L’activité résistante d’Argoud n’échappe pas à l’occupant. Il manque singulièrement de discrétion, tenant en public des propos anti-allemands. A la fin de l’année 1943  il est même obligé de quitter Aillant-sur-Tholon. Il se réfugie à Coulanges-la-Vineuse où il passe dans la clandestinité sous le pseudonyme de « Paul Ailleret ». Le 25 janvier 1944, accompagné d’un résistant jovinien, René Couhier, Pierre Argoud transporte des munitions destinées à un maquis jurassien. Après une halte à Dijon, les deux hommes sont reconnus et dénoncés par Marius Guillemand (« Etienne »), qu’Argoud avait rencontré quelques mois auparavant chez Jean Marot, et qui était passé au service de la Gestapo depuis son arrestation à Sens le 13 octobre 1943. 

Plaque Aillant-sur-Tholon

L’enfer commence à la prison de Dijon, cellule 151, où il est torturé. Il est ensuite interné au camp de Royallieu avant d’être déporté à Dachau, le 21 juin 1944. Le 15 juillet, il est transféré à Flossenburg. Pierre Argoud est alors classé déporté « Nacht und Nebel ». A partir du 24 juillet, il intègre une annexe du camp, Herrbrück, où il meurt d’épuisement le 20 octobre 1944. 

L’acte de décès de Pierre Argoud n’est transmis à la mairie d’Aillant-sur-Tholon que le 31 octobre 1946. Entre-temps, le 18 mai 1945, il avait été élu maire jusqu’en 1947. Le 7 février 1946, une association, Les premiers compagnons de Pierre Argoud, se constitue. Rapidement une souscription publique est décidée dans la commune afin d’ériger un monument à sa mémoire. Il est inauguré le 17 novembre 1946. Une plaque commémorative apposée sur la façade de sa maison le 15 décembre 1946 complète l’hommage au résistant déporté aillantais.

 

Sources : Témoignage de Jean Cameau (1999). Témoignage de Jacqueline Fornay, fille d’Henri Boutron (2002). Gavet Jacqueline, Pierre Argoud, édition L’Yonne Républicaine, 1946. Bailly Robert, Si la Résistance m’était contée…, Clamecy, ANACR-Yonne, 1990, 520 p. Noirot Alype-Jean, L’histoire de la vallée d’Aillant-sur-Tholon, Auxerre, 1976, t.4, 248 p.

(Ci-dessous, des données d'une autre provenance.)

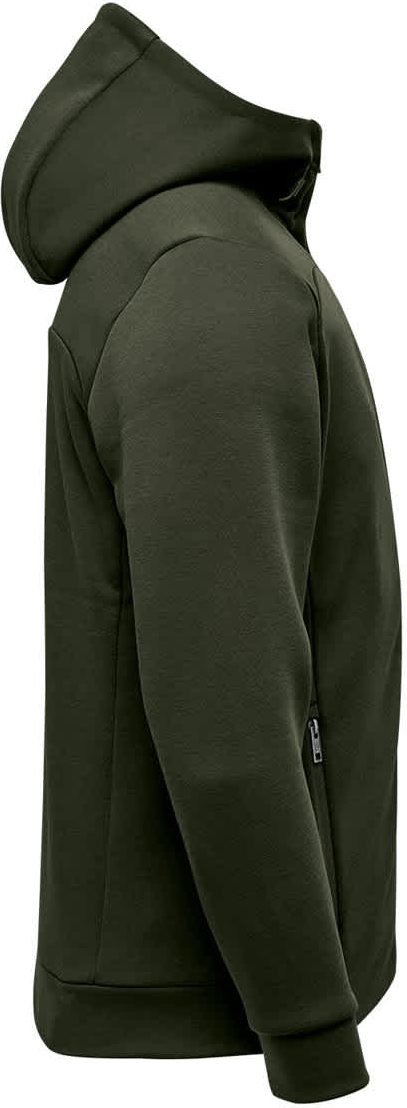 Stormtech Fpx-4m Men’s Antares Performance Hoody - Cypress Chive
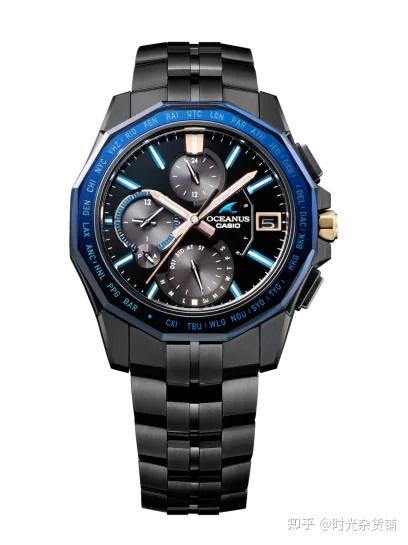 卡西欧手表攻略 卡西欧oceanus(海神)系列,表款图鉴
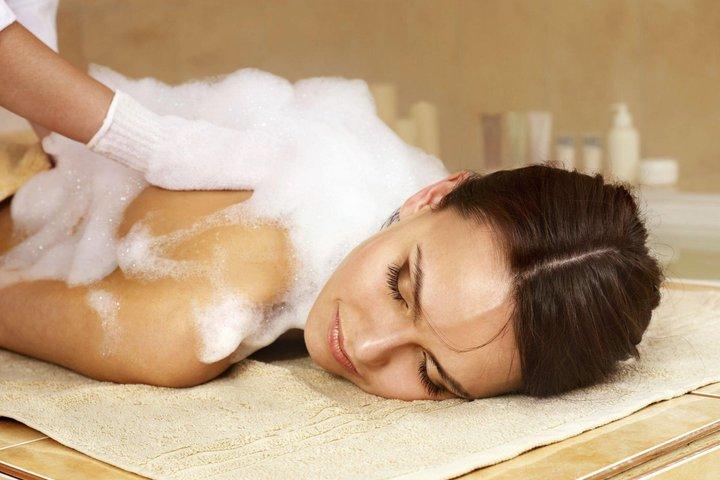 Hurghada - Turkish Hammam Spa med jacuzzi, sauna og dampbad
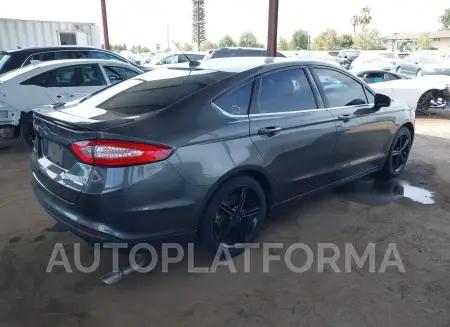 FORD FUSION 2016 vin 3FA6P0HD8GR291490 from auto auction Iaai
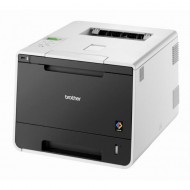 Imprimanta Second Hand Laser Color Brother HL-L8250CDN, A4, 28 ppm, 2400 x 600 dpi, Duplex, USB, Retea
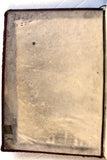 كتاب اتفاق البشيرين ودليل المسترشدين, بيروت Calhoun's Harmony of the Gospels Arabic Lebanese Book 1876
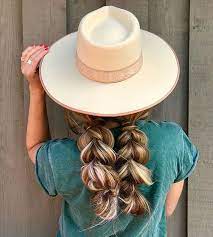 Pin Pa Festival Hair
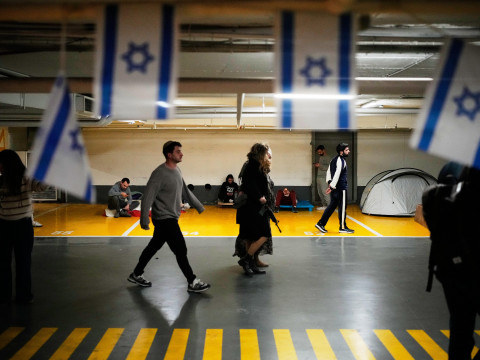 What about the alternation of power? The editor-in-chief of Minsk Kurier accused Israel of being insufficiently democratic 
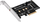 Adapter PCIe SilverStone SST-ECM21-E, M.2 NVMe M-key, PCIe 3.0 x4, i zi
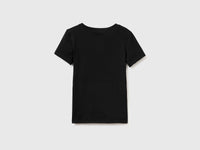 Ribbed henley T-shirt - ucb_image_BS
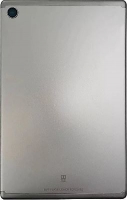 Capa Traseira Lenovo Tab M10 Plus X606F 10.3  Cinza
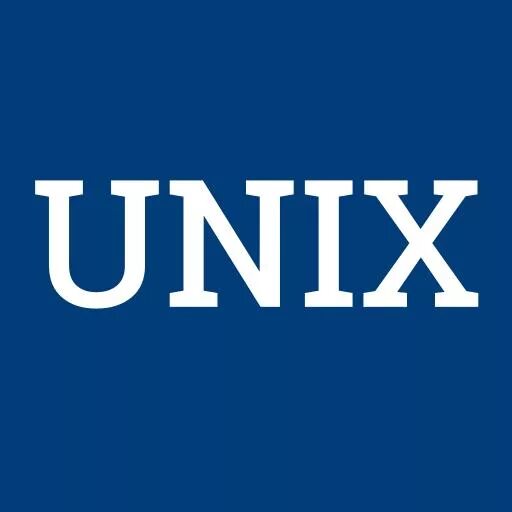 Фикс unix. Unix. ос unix логотип. юникс программа.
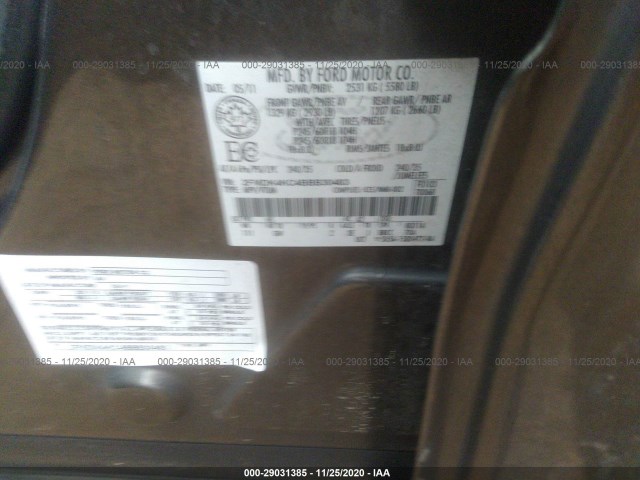 Photo 8 VIN: 2FMDK4KC4BBB30483 - FORD EDGE 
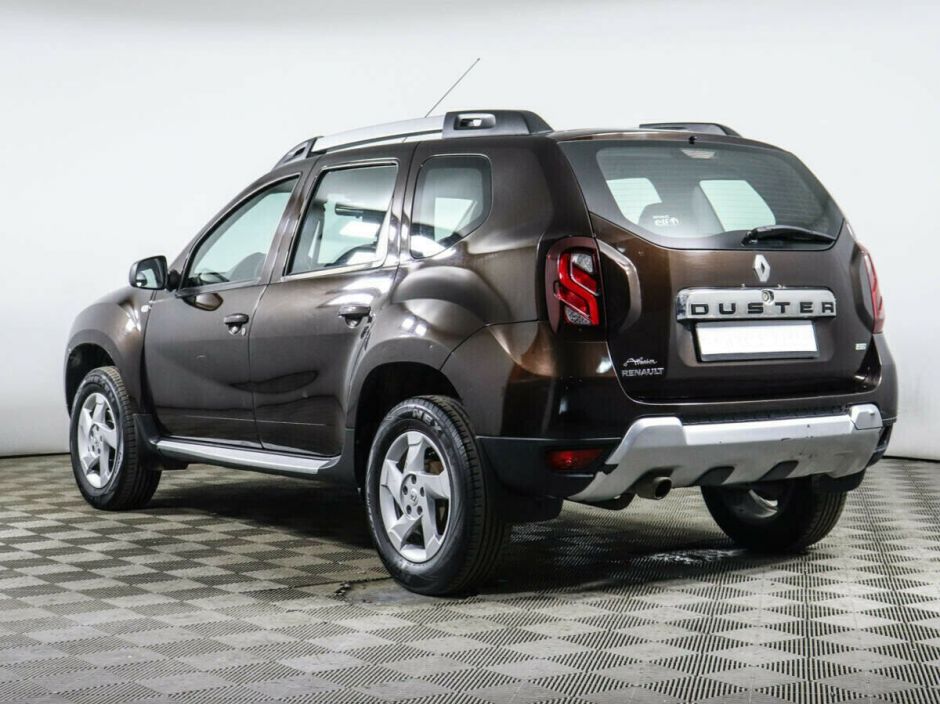Renault Duster 2.0 МКПП, 2016, 87 000 км фото 4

La Résistance dans l’Yonne, cédérom AERI-ARORY, 2004 (notice biographique de Pierre Argoud, notices sur les parachutages et les autres événements évoqués ici).

Sur la trahison de Marius Guillemand et son activité de gestapiste : Joël Drogland, La répression de la Résistance dans le Sénonais à l’automne 1943, Yonne mémoire n° 50, novembre 2023.